Primeiro, foram pedidos 300 calendários. Esgotaram. Pediram-se mais 100. Voltaram a esgotar. Encomendaram-se mais 200 para dar resposta a tanta procura. António Semeão, vice-presidente do MACUR, tinha algumas dúvidas de como a coisa iria correr. Foi um sucesso. “Tivemos um bocado de receio, mas foi uma surpresa bastante agradável. A primeira vez é um bocadinho mais difícil”. A verdade é que os calendários de 3,5 euros, que têm na capa uma foto da equipa das funcionárias do centro de dia da MACUR e na contracapa os nomes de todos os que tornaram possível a aventura, têm tido bastante saída. E tudo é bem-vindo para angariar fundos.
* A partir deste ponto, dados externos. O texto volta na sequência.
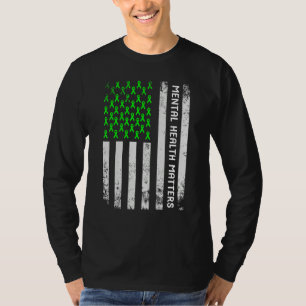 End The Stigma Mental Health Matters Mental Awaren T-Shirt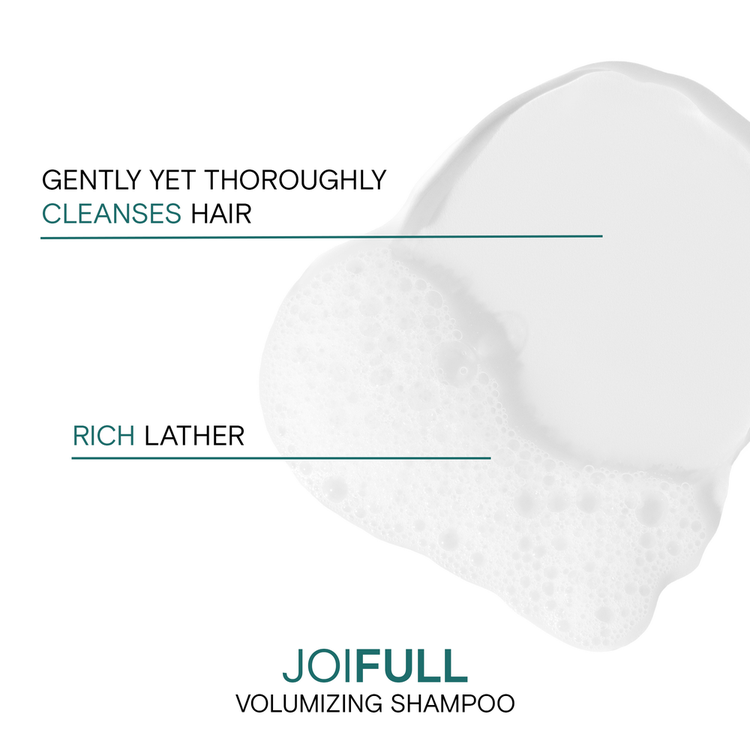 JoiFULL Volumizing Shampoo limpia las impurezas
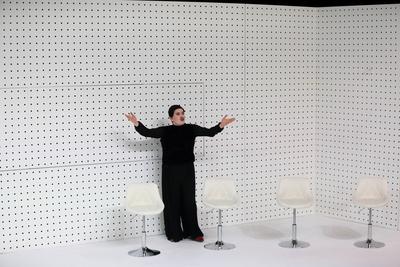 Berliner Ensemble Future Macbeth-stock-foto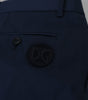 Dolce & Gabbana Blue Chinos Cotton Stretch Casual Shorts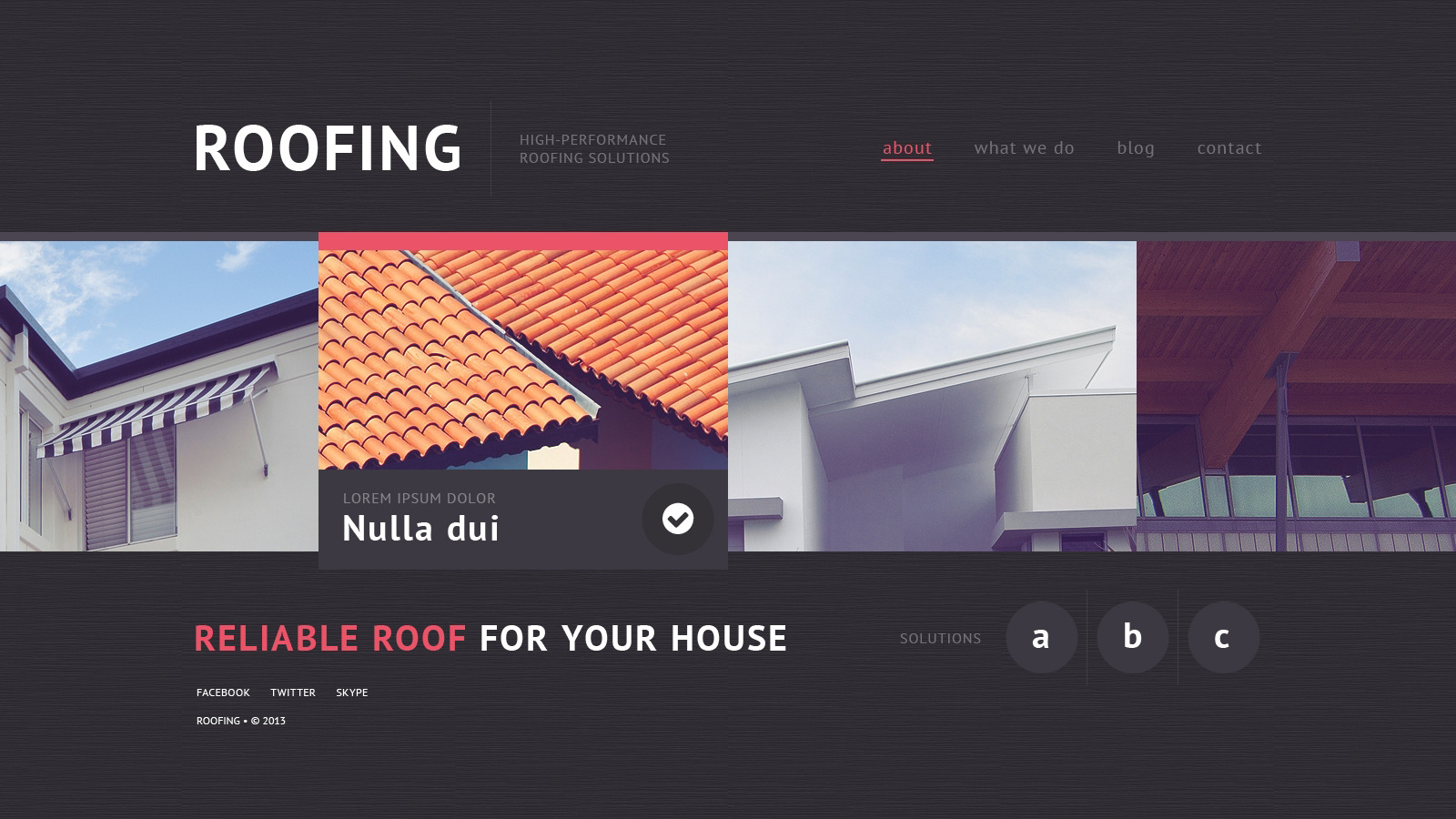Roofing Company Website Template 46717 TemplateMonster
O dinheiro da venda será usado na compra de uma carrinha que transporta quatro cadeiras de rodas em simultâneo, até porque a viatura que anda em circulação começa a não dar conta do recado. O preço de mercado do veículo ronda os 38 mil euros e é preciso pôr pés ao caminho. Há mais iniciativas para arrecadar receita, como caixinhas de bombons embrulhadas e decoradas com arranjos coloridos e borboletas prateadas, e um jantar marcado para Janeiro, além de outras iniciativas. De qualquer forma, tão cedo não se deixará de falar desse calendário que circula pela vila de Rio Meão e que está a chegar a outras partes do mundo.